Hospital turning back clock a bit on nurses' uniforms - The State - page 3

hospital turning back clock a bit on nurses’ uniforms the state, sc - 19 hours ago ... ago, when almost all nurses were easily identifiable by standardized uniforms,” said sandy summers, executive... Read More

  1. by   S.N. Visit
    Quote from Gromit
    I've never seen a facility that allowed its cleaning staff to wear scrubs.
    I'd have to believe that they would be rare, certainly not the 'norm'.
    I will say that I truly enjoy the allowance for individuality (of course, so long as its not overboard) -we work a long hard job, its kind of nice to at least be comfortable. But I wouldn't put up much of a fight so long as they don't get it in their heads to make us wear white. White is just too easily stained -and they begin to look 'old' very quickly.
    All the cleaning staff , unit secretaries, and CNA's wear scrubs in southern Iowa, (The 6 hopsitals where I have had my clinical rotations . ) The Hospital I'm currently at, the kitchen staff and the ladies that take the money all wear scrubs too.
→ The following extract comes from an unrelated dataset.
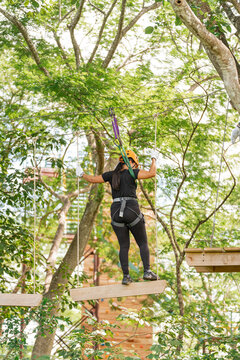Woman on a suspension bridge in an adventure course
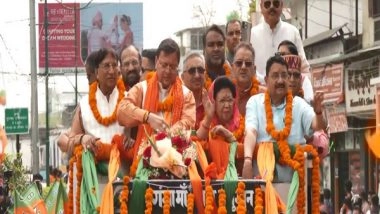 India News | Uttarakhand CM Dhami Holds Roadshow in Dehradun Ahead of Lok Sabha Polls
The reason I notice this is because when I'm orientating to the hospital I don't know who is who and I end up unintentionally approaching a lot of non-nursing staff for help. It's funny, I thought it was the norm where you thought it was rare
  2. by   CHATSDALE
    there are peope who look professonal no matter what they wear and some people who always look like a used dish rag

    i've has poo, pee, betadine, thrown food on my uniform..no problem washing them out..pens were my undoing...they always waited until i had no backup in the car and they started leaking
  3. by   tiggerforhim
    At the first hospital I worked for (Magnet) the staff had all gotten together and voted on a solid colour for scrubs for the nursing staff for each floor. BTW the other staff (techs, RT, housekeeping, etc.) also all had one solid colour to wear or a uniform. As I was a float nurse wearing my dark green I was usually easily identifiable to the other staff as the float nurse (e.g. all other staff wore navy, burgundy, etc.), unless I was on a floor with dark green. As for what the patients thought, since everyone one else had a set colour for their job, it made it fairly easy to tell one from the other. The doctors were the easiest because they seemed to only ever travel in groups (this was a teaching hospital) - HA! I really liked the one scrub colour because I didn't have to worry about what to wear, just about getting them clean. The exception to the solid scrubs was Peds, of course.
  4. by   realnurselpn
    I don't have a problem wearing certain colored scrubs, but I would feel absolutely foolish wearing cartoon characters on my uniform while taking care of adult patients. I don't know how we will ever be taken seriously as professionals dressed like were going to a circus!! I don,t believe I've ever seen an MD in one of those get ups.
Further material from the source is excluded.